By Nasreen Iqbal, Special to The City Sentinel
About 150 people gathered on April 7 at the Tower Hotel in Oklahoma City for The Dialogue Institute Oklahoma City’s eleventh annual Friendship Dinner and Awards Ceremony. The institute formed in 2002 as a nonprofit organization dedicated to uniting Oklahomans of different faiths, cultures and backgrounds through open dialog and community service.
Alexander Scott, the dinners keynote speaker, an associate professor and the director of a Catholic-Muslim Studies Program, greeted the diverse group of guests appropriately with a welcome phrase tailored to each demographic.

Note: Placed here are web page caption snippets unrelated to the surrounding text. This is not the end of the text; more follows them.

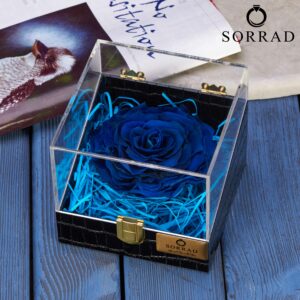 باکس صندوق چرمی / گل رز سرمه ای مخملی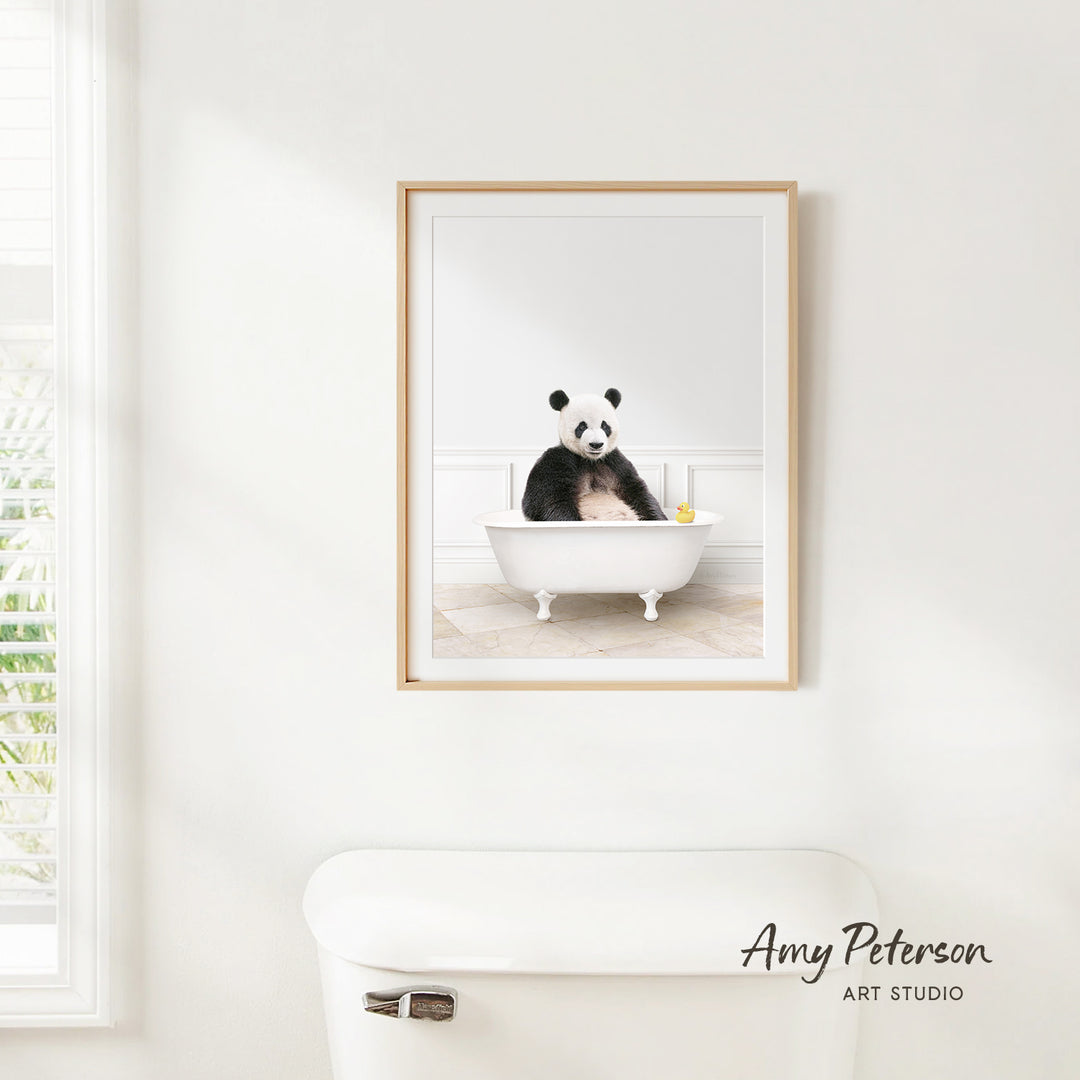 Panda in Modern Bath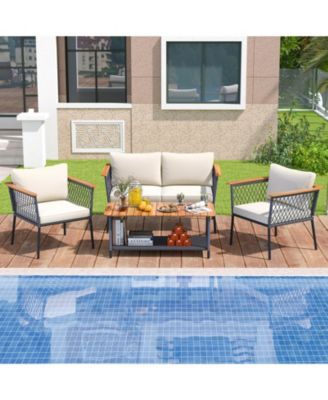 4 Piece Patio Rattan Furniture Set with 2-Tier Table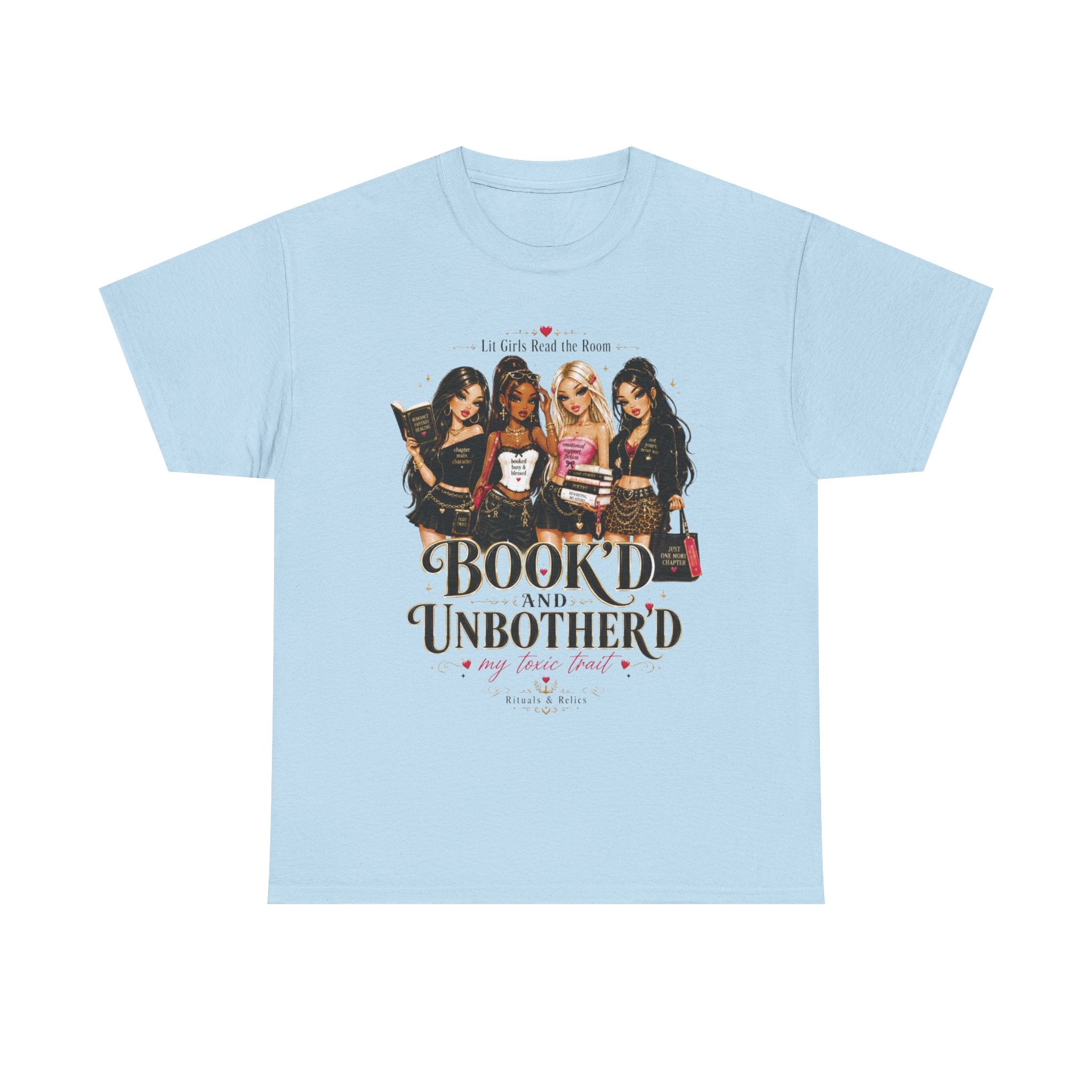 T-Shirt — "Booked and Unbothered" Book Lover Graphic Tee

“To my Jewish brothers and sisters, shalom. To my Muslim brothers and sisters as salam alyakom. To my Christian brothers and sisters, happy Easter, He has risen,” Scott said.

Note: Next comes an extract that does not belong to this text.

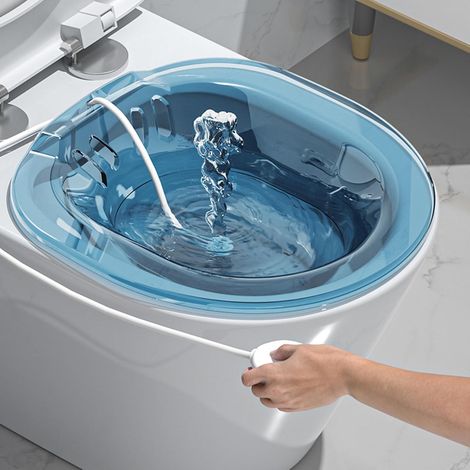 Baignoire de siège portable au-dessus des toilettes, fixation pour bidet 35, 6 x 38, 1 x 10, 2 cm, anti-débordement pour les hémorroïdes, soins privés post-partum, adapté aux voyages (bleu transpar (1/5)
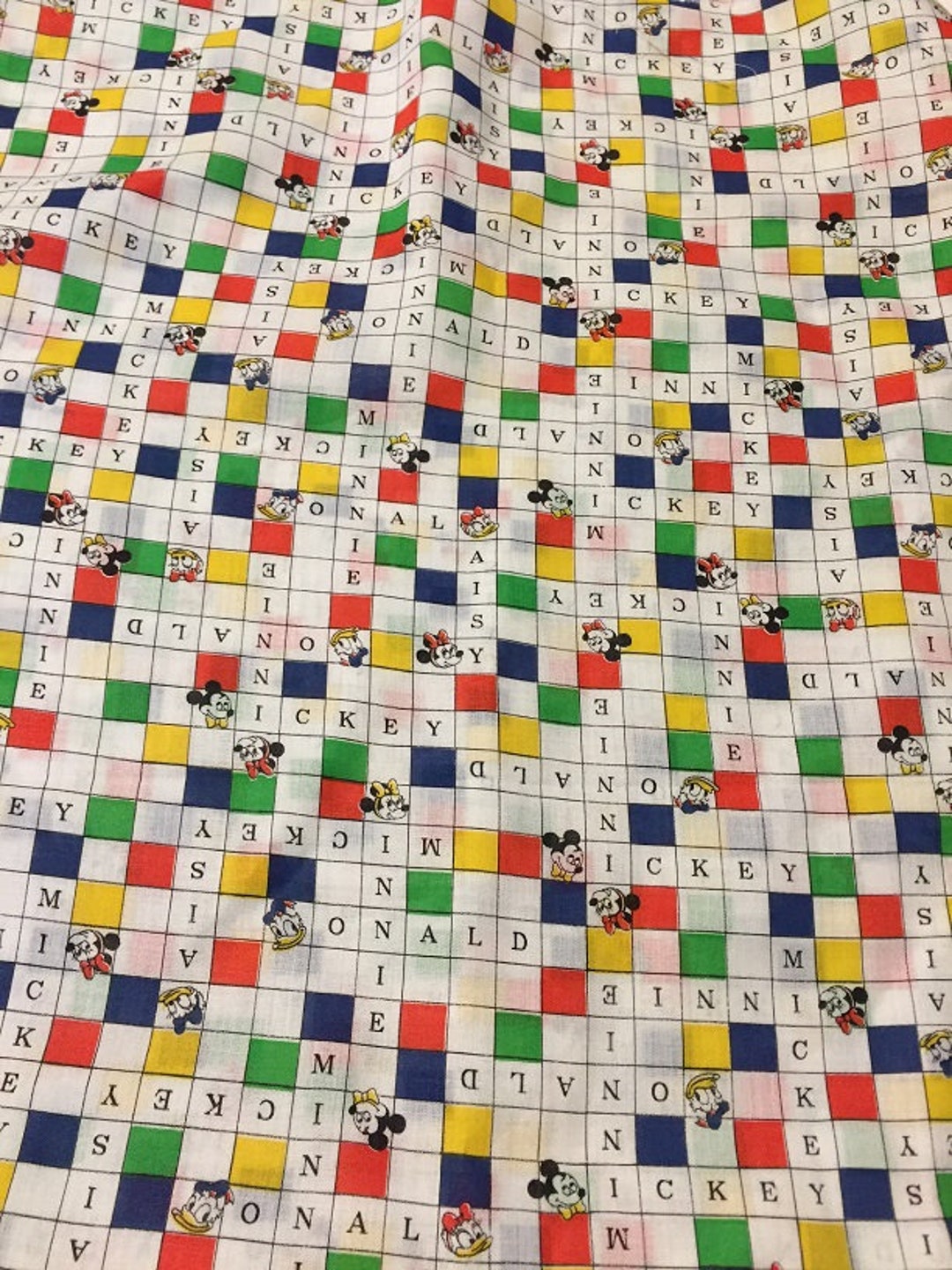 Vintage Walt Disney Crosswords Small Squares Cotton Fabric by the Yard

Scott and several other presenters including former Oklahoma Governor, Brad Henry, continued the event by describing the impact The Dialogue Institute has had on Oklahoma City and identifying those individuals who have made equal contributions to the community.
The Institute granted a Leadership Award to Bill Anoatubby, Governor of the Chickasaw Nation, a Lifetime Achievement Award to Paul Sechrist, president of Oklahoma City Community College and a Community Service Award to Louisa McCune-Elmore, executive director of the Kirkpatrick Foundation.

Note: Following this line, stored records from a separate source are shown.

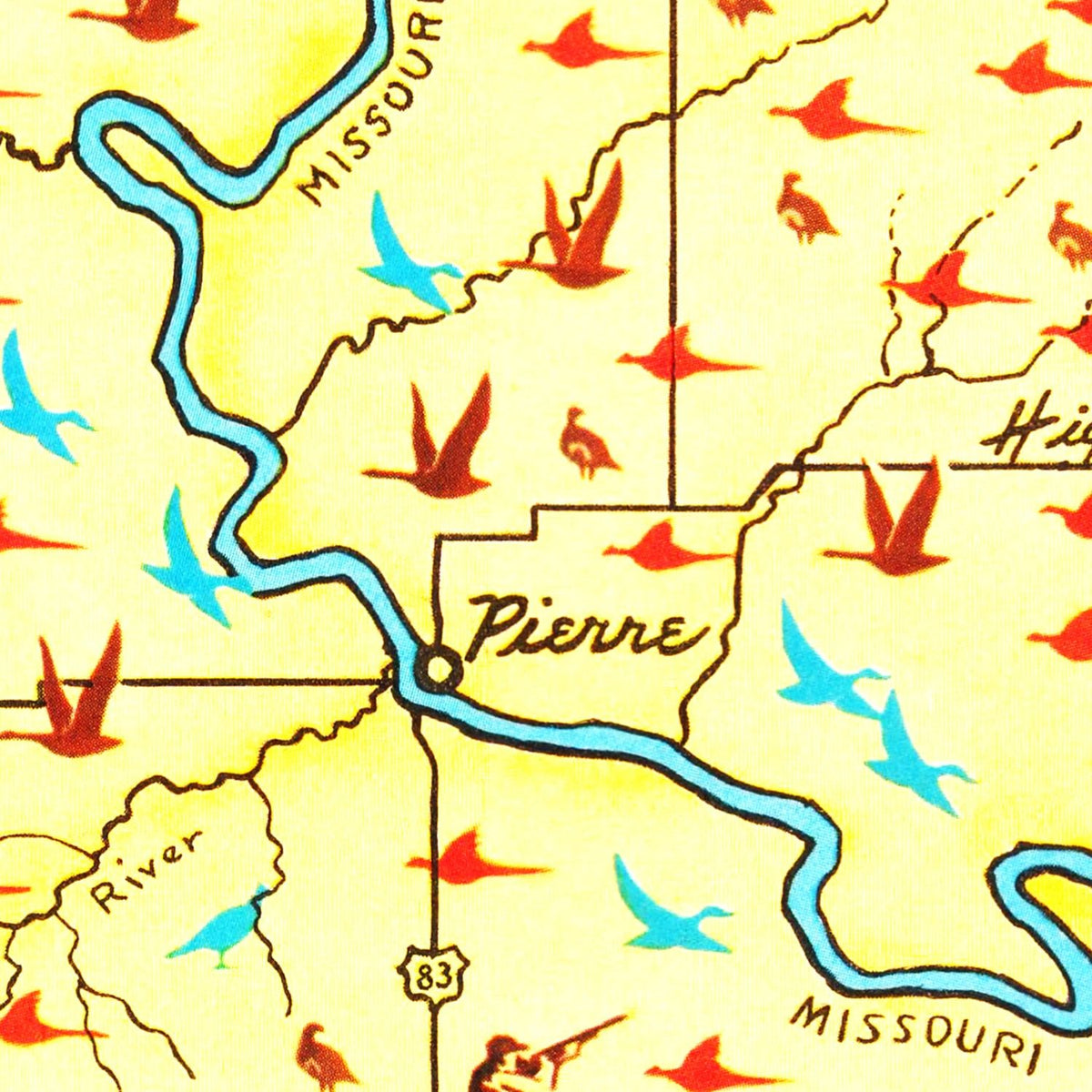 Restored historic details from the 1946 state map of County, South Dakota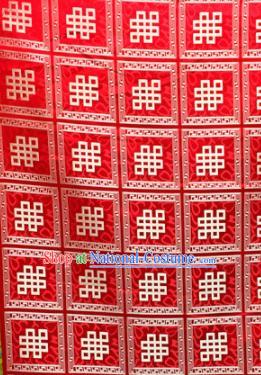 Chinese Traditional Buddhism Auspicious Pattern Red Brocade Silk Fabric Tibetan Robe Satin Fabric Asian Material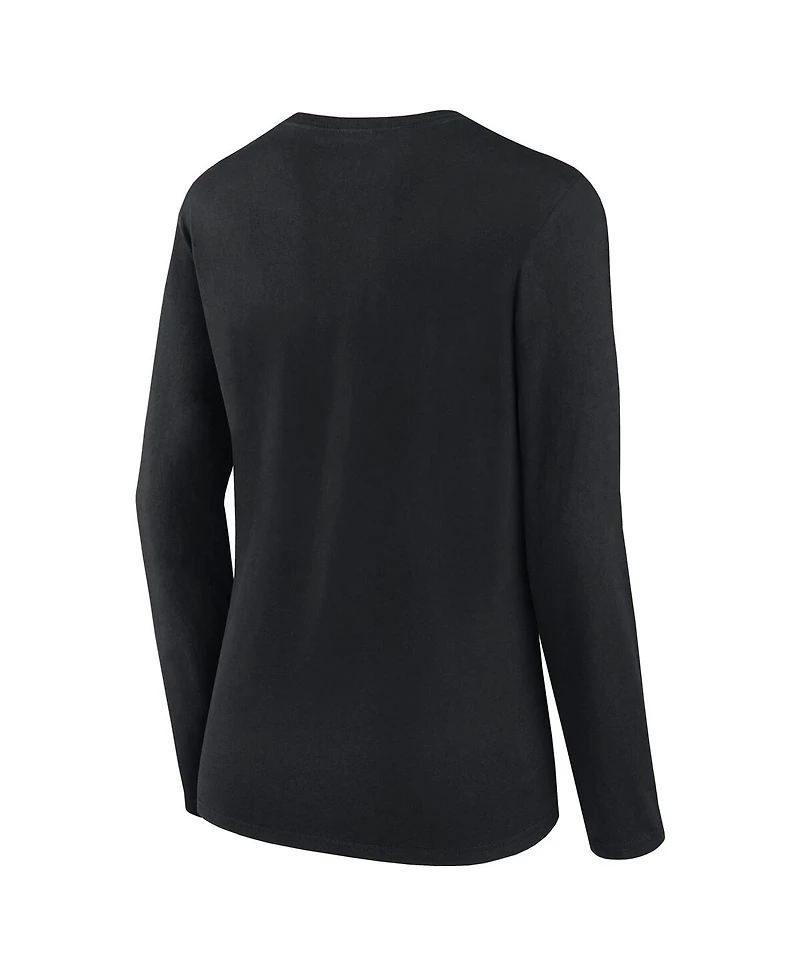 Logo Athletic Women's Black Pittsburgh Steelers Grip Long Sleeve T-Shirt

“These awards recognize those who have made a lasting impression on the city; who have forever contributed to breaking the barriers of ignorance and bringing people together for the common goal of making this a more peaceful world to live in,” Scott said.
Henry echoed Scott’s sentiments towards The Dialogue Institute of Southwest Oklahoma City.
“The Dialogue Institute of Southwest Oklahoma City is doing great work and I applaud them for it,” Henry said. “This organization places a much needed emphasis on tolerance, a message that is perhaps needed today more than ever.”
According to the institutes’ website, the mission of the organization is to promote mutual understanding, respect and cooperation among people of diverse faiths and cultures by creating opportunities for direct communication and meaningful shared experiences.
“That is exactly what this event is all about,” dinner participant, Joan Korenblit, said.
“Today there is so much prejudice towards Muslims by those who have never taken the time to get to know a Muslim. Once someone gets to know another person of a different faith, that person’s understanding of that faith increases dramatically.”
Joan and her husband Michael Korenblit created The Jewish-Muslim Film Institute which aims to bridge the gap of misunderstanding between Muslims and Jews.
The Koremblit’s friends and dinner participants, Rabia and Ray Shaik, both Muslim faith, are proud of their friends and attribute the Korenblit’s efforts to the warm welcome they felt in Oklahoma after moving to the city five years ago from Michigan.
“We were nervous when we first moved here,” Rabia Shaik said. “We realized that Oklahoma is not as diverse as Michigan. This is a smaller community where everyone knows everyone. But we soon realized how friendly people are here. We pushed ourselves to get out and get to know people. That’s what brought us here and that’s what sparked so many of our friendships here.”
This year’s dinner raised funds to support YWCA programs and services benefiting victims escaping domestic violence.